Note: Percent Daily Values are based on a 2,000 calorie diet. Your daily values may be higher or lower depending on your calorie needs.

Disclaimer: Nutrient information is based on available data. If following a medically restrictive diet, consult your doctor or registered dietitian before preparing this recipe for personal consumption.

Comments

Christine Campbell

10/17/2022 10:40:32 AM

I was in a hurry and decided to give this recipe a try using a cake mix. I opted for the triple chocolate fudge cake mix. Following the instructions on the box that called for adding 1 cup of pudding, the cake turned out with the perfect density and gooeyness. Next time, I plan to double the amount of filling and pay more attention to the cake itself. Eating that cake really brought back memories of the early 70s, there was just something special about it. Thank you!

Brian Young

12/16/2024 02:27:31 PM

I used my intricate bundt pan for this recipe and it came out wonderfully. I greased the pan meticulously with a paint brush to ensure every detail was coated, followed by a light dusting of flour. If I were to make it again, I would suggest pouring in 3/4 of the batter, adding the macaroon mixture, and then topping it off with the remaining batter. Unfortunately, my macaroon mixture didn't fully incorporate and ended up getting crispy. To finish it off, I opted for a luscious chocolate ganache instead of the glaze. It was a hit with everyone!

Ronald Williams

11/14/2022 12:12:17 AM

Although this cake was enjoyable, it fell short of my expectations compared to the original version. It has been my son's favorite cake for years, and upon trying it, he remarked that it lacked the deep dark chocolate color that was characteristic of the original.
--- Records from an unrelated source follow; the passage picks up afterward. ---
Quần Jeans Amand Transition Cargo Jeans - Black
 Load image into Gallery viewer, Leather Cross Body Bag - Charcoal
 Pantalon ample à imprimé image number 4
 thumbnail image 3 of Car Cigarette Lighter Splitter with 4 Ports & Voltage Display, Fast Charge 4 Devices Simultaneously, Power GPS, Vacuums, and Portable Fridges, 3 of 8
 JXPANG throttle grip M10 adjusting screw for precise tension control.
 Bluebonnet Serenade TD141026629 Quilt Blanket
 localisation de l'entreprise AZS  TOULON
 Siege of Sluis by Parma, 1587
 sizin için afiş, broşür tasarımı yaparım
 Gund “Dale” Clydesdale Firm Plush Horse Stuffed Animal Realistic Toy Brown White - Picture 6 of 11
I plan to give it another go by using a dark chocolate mix and following the pound cake instructions. I will also make sure to finely chop the coconut as it was in the original recipe.

Kimberly Robinson

12/22/2023 11:52:46 PM

When I was younger, my family and I used to love the Pillsbury Bundt cake. It was my Mom's absolute favorite. Yesterday was her 79th birthday, so I decided to surprise her with this cake at her party. While the cake turned out to be delicious, we all felt that there wasn't quite enough coconut filling. Next time, I plan to double the filling recipe for that extra burst of flavor. My baking process involved layering the cake batter in the bundt pan, adding the coconut filling, and then topping it off with the remaining batter. Additionally, I opted for store-bought cream cheese icing, which I thinned out with some milk for a smoother consistency.

Jack Jackson

05/18/2023 08:21:14 PM

This recipe is amazing! I prepared it a couple of weeks ago and my family is already begging me to make it again. I followed the recipe exactly as it was written.

John Perez

07/26/2024 07:34:27 AM

This product seemed promising and the concept was appealing, but unfortunately, the taste did not live up to our expectations. We were unable to even finish the portion we tried. I ended up sending the remainder to my sister's family, as they are currently without electricity due to the snowstorm. Hopefully, they will enjoy it more than we did!

Edward Mitchell

10/24/2022 01:33:39 PM

I was let down by this cake. It was dry and the taste wasn't what I had anticipated. I am undecided about giving it another try.